4. Pour annuler l'arrêté portant obligation de quitter le territoire français, le premier juge a estimé que le pli portant notification de la décision de rejet par l'Office français de protection des étrangers et apatrides de la demande d'asile n'avait pas été régulièrement notifié à M. B... dès lors que le courrier avait été envoyé à l'adresse du " Forum Réfugiés " et non à celle de l'association " Adelphité par CVH " et que le préfet n'établissait ni même n'alléguait que des diligences auraient été accomplies pour transférer le pli contenant l'ordonnance de la Cour nationale du droit d'asile concernant le requérant à sa nouvelle adresse auprès de l'association " Adelphité par CVH ". Toutefois, il ressort des pièces du dossier que M. B... n'a effectué aucune démarche pour signaler à l'administration une nouvelle domiciliation postale. Or, bien que cette nouvelle adresse soit la conséquence du changement de titulaire du marché public relatif aux prestations de premier accueil des demandeurs d'asile, qui a pris effet au 1er janvier 2022, et même si l'administration n'ignorait pas cette modification, il ne lui appartenait pas d'envoyer le pli à une autre adresse que celle indiquée par le demandeur d'asile. Il s'ensuit que M. B... ne peut se prévaloir de la circonstance que la décision de rejet de sa demande d'asile ne lui aurait pas été régulièrement notifiée pour estimer qu'il continuait à bénéficier du droit provisoire au séjour et demander l'annulation de la décision lui faisant obligation de quitter le territoire français. Dans ces conditions, le préfet de la Haute-Garonne est fondé à soutenir que c'est à tort que le magistrat désigné par la présidente du tribunal administratif de Toulouse a retenu ce motif pour annuler l'arrêté du 11 août 2023 contesté.

5. Il appartient à la cour, saisie de l'ensemble du litige par l'effet dévolutif de l'appel, d'examiner les autres moyens soulevés par M. B... devant le tribunal administratif de Toulouse.

En ce qui concerne les autres moyens invoqués par l'intimé :

S'agissant de l'ensemble des décisions :

6. En premier lieu, Mme D... C..., directrice des migrations et de l'intégration de la préfecture de la Haute-Garonne et signataire de l'arrêté contesté, a bénéficié, par un arrêté du 13 mars 2023 régulièrement publié au recueil des actes administratifs spécial de la préfecture n° 31-2023-099 le 15 mars 2023, d'une délégation de signature à l'effet de signer les décisions relatives à la police des étrangers, notamment en matière de mesures d'éloignement. Par suite, le moyen tiré de l'incompétence du signataire des arrêtés en litige doit être écarté.

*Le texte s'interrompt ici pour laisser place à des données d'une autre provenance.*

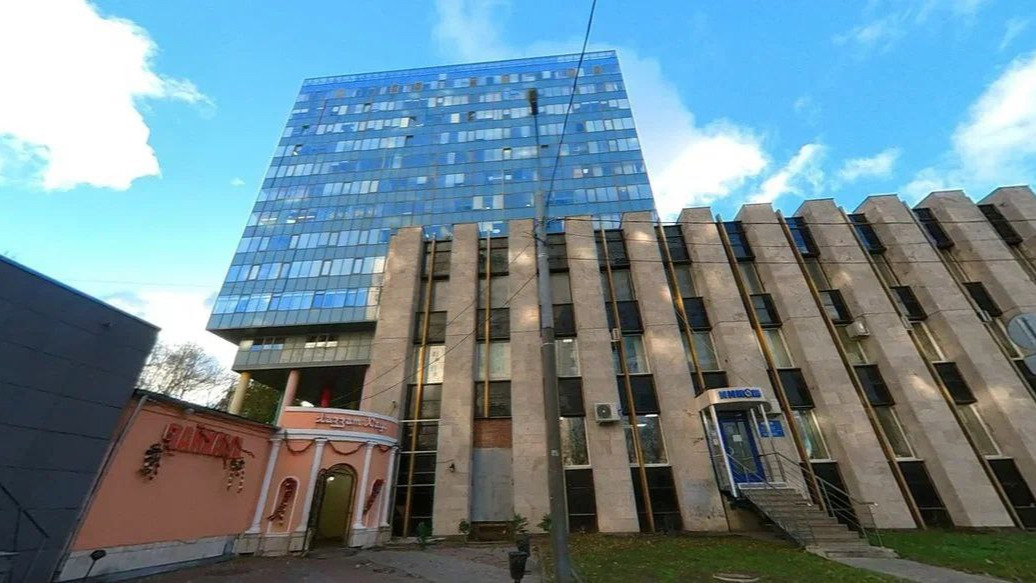Крупное помещение в бизнес-центре на востоке Москвы выставили на аукцион
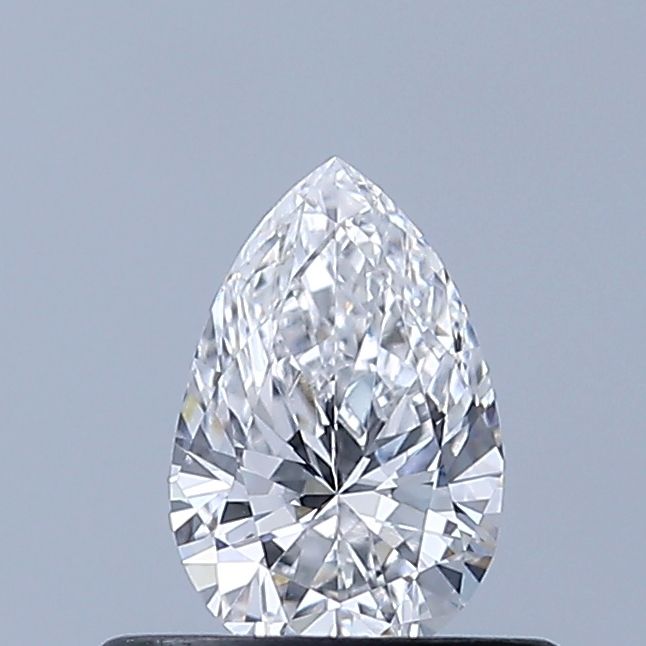 0.36 ct lab-grown Pear Diamond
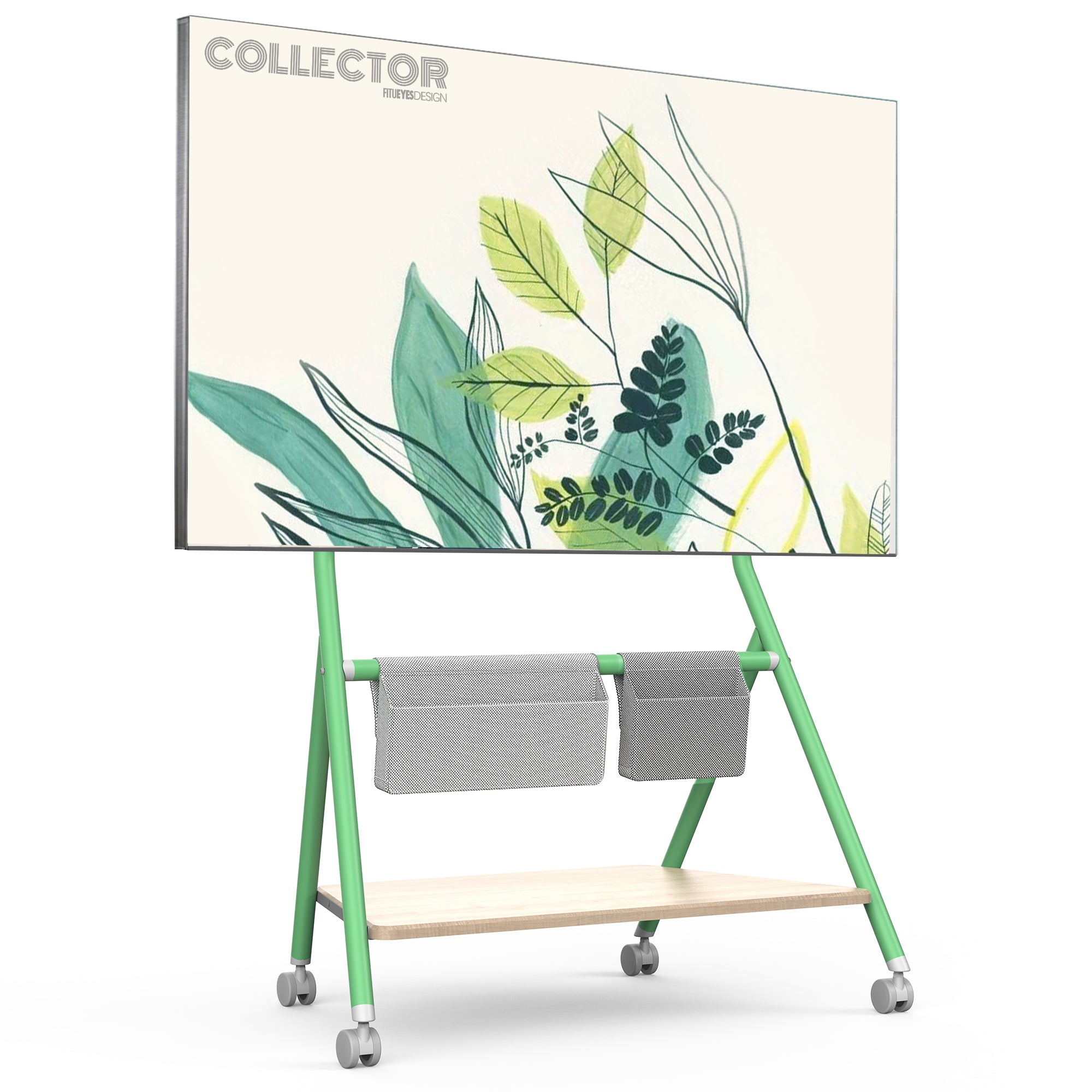 Collector TC78 Soporte para TV con Ruedas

7. En deuxième lieu, l'arrêté contesté énonce les circonstances de droit et de fait sur lesquelles le préfet de la Haute-Garonne s'est fondé pour prendre les décisions en litige et mentionne notamment les principaux éléments relatifs à la situation personnelle et familiale de l'intimé. L'arrêté attaqué, pris en toutes ses décisions, est ainsi suffisamment motivé.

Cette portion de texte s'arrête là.